China has withdrawn six UK diplomats, ahead of their likely expulsion following an attack on a pro-democracy protester in the grounds of the Chinese consulate in Manchester.
Ministers had asked Beijing to waive diplomatic immunity for its consular officials so police could question them about the October incident, in which Hong Kong demonstrator Bob Chan was injured.
Instead, China removed the group of diplomats from the UK on Wednesday, including consul-general Zheng Xiyuan.
The decision came 24 hours before Britain was expected to expel the group, according to UK government sources. “They knew exactly what we were going to do next,” said one.
Foreign secretary James Cleverly said he was “disappointed that these individuals will not be interviewed or face justice”, referring to the officials.
“Nonetheless, it is right that those responsible for the disgraceful scenes in Manchester are no longer — or will shortly cease to be — consular staff accredited to the UK,” he added in a written parliamentary statement.
Chan, a Hong Konger, had been among a crowd of around 40 pro-democracy protesters outside the Manchester consulate on October 16, when he was dragged into its grounds and attacked by a group of men.
The consul-general was pictured pulling Chan into the grounds by the hair in the incident. He later said the protesters were being violent and that it was his “duty” to take action as a result.
The Chinese embassy in London called the protest at its Manchester consulate “a violent disruptive provocation” and accused the British government of failing to protect “the safety and dignity” of its premises.
A spokesman said: “The Chinese consul general in Manchester has completed his term of office and has returned to China on instruction not long ago. This is a normal rotation of Chinese consular officials.”
Greater Manchester police launched an investigation following the incident. Earlier this month, the Foreign Office requested the Chinese government waive diplomatic immunity for Zheng and five other men so they could be interviewed by law enforcement authorities.

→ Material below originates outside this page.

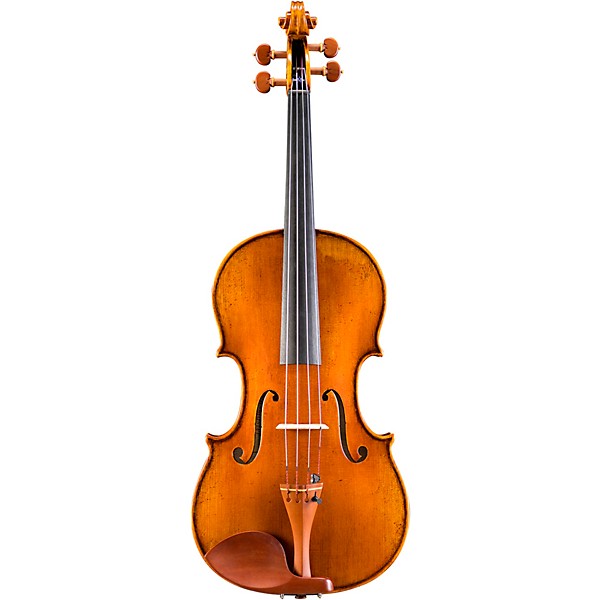 Eastman VA928 Raul Emiliani Series Professional Viola Outfit 16.5 in.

When that permission was not forthcoming, Cleverly is said by colleagues to have concluded that he had no choice but to expel the diplomats, an announcement had been planned for Thursday. Beijing had been forewarned of what was about to happen.
British sources said that China was embarrassed by the behaviour of its staff in Manchester and accepted that it was better to “take back some agency” by removing its officials before Cleverly declared them personae non gratae.
Chan welcomed the outcome. “While it may have taken two months for this to happen, I believe this is one way of solving this complicated diplomatic problem,” he said.
“I relocated to this country with my family to live freely. What happened on 16 October 2022 was unacceptable and illegal and the withdrawal of these Chinese diplomats gives me a sense of closure.”
The apparent diplomatic compromise will help to de-escalate the situation and avoid “tit-for-tat” expulsions of British diplomats from Beijing, while fitting into a more general attempt by London and China to reduce tensions in their relationship.
UK prime minister Rishi Sunak said in his first big foreign policy speech last month: “We cannot simply ignore China’s significance in world affairs — to global economic stability or issues like climate change.”
In words that concerned some China hawks in the Conservative party, Sunak told his audience in the City of London that the west would collectively “manage this sharpening competition, including with diplomacy and engagement”.
Greater Manchester police said it was continuing its investigation.